**TASK GOAL:** Return only what runs from the line containing "Книга Критическая цепь." through the last line of the entries below, exactly, omitting pictures.
═══ SOURCE DATA ═══
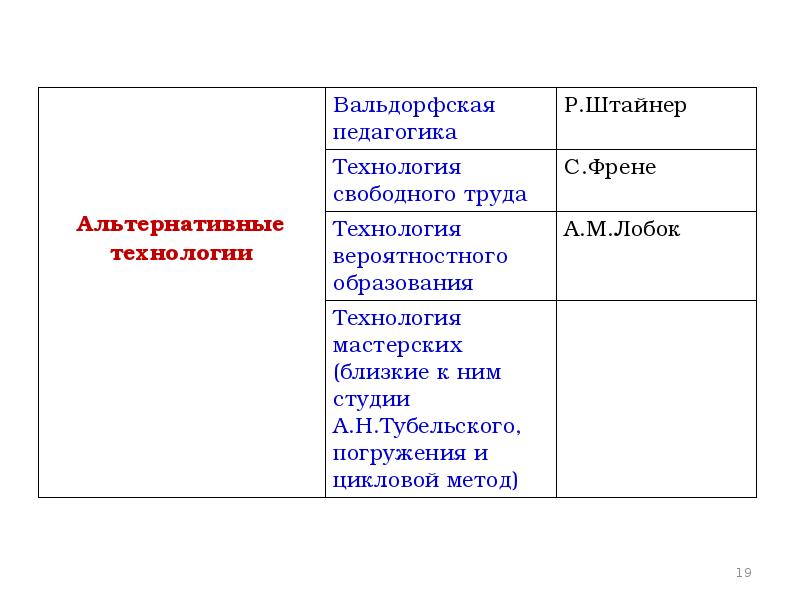 Технология свободного труда с френе презентация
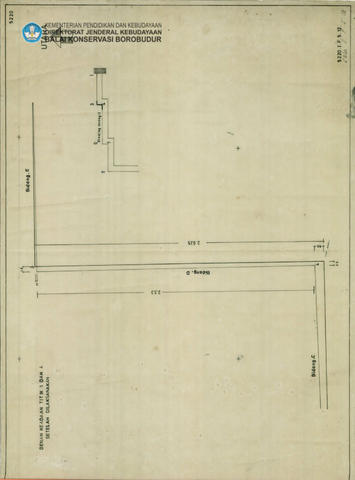 Original Digital object not accessible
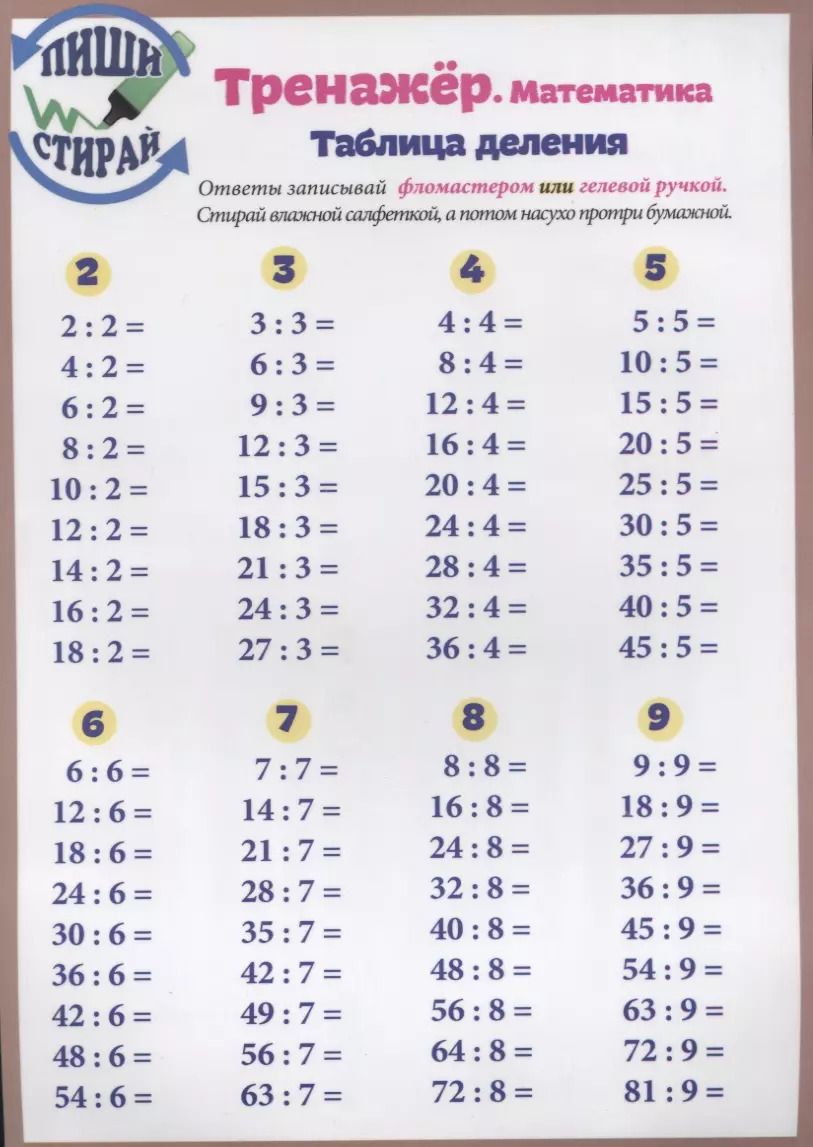 Обложка книги "Справочные материалы Тренажер Математика Табл. деления. Табл. Деления. Вразброс (Пиши стирай) (лист)"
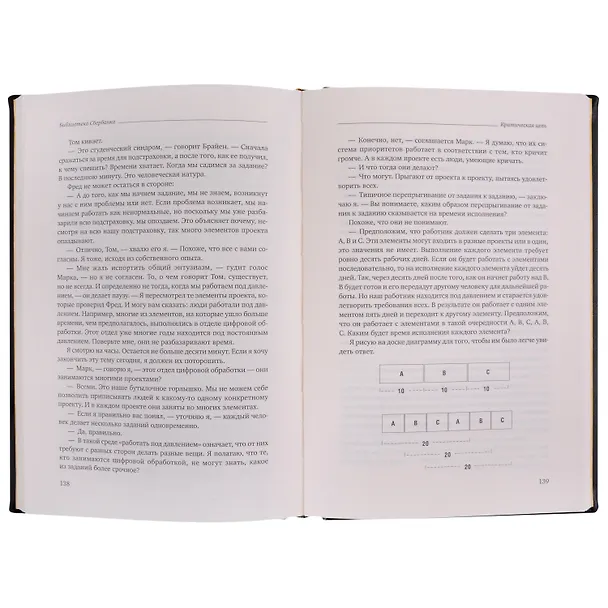 Книга Критическая цепь. Том 30 (Элияху Голдратт) — 3
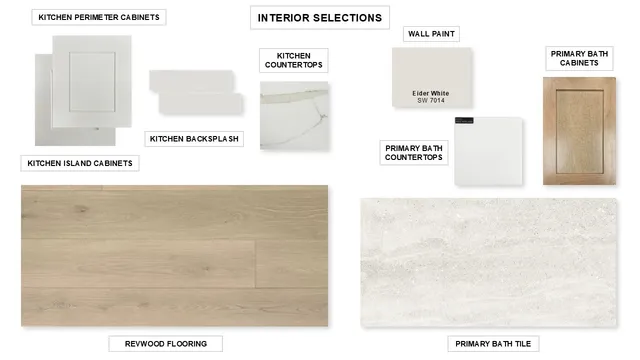 $599,900 | 10707 Avanti Drive, Richmond, TX 77469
═══
**PROBLEM SOLUTION:**
 Книга Критическая цепь. Том 30 (Элияху Голдратт) — 3
 $599,900 | 10707 Avanti Drive, Richmond, TX 77469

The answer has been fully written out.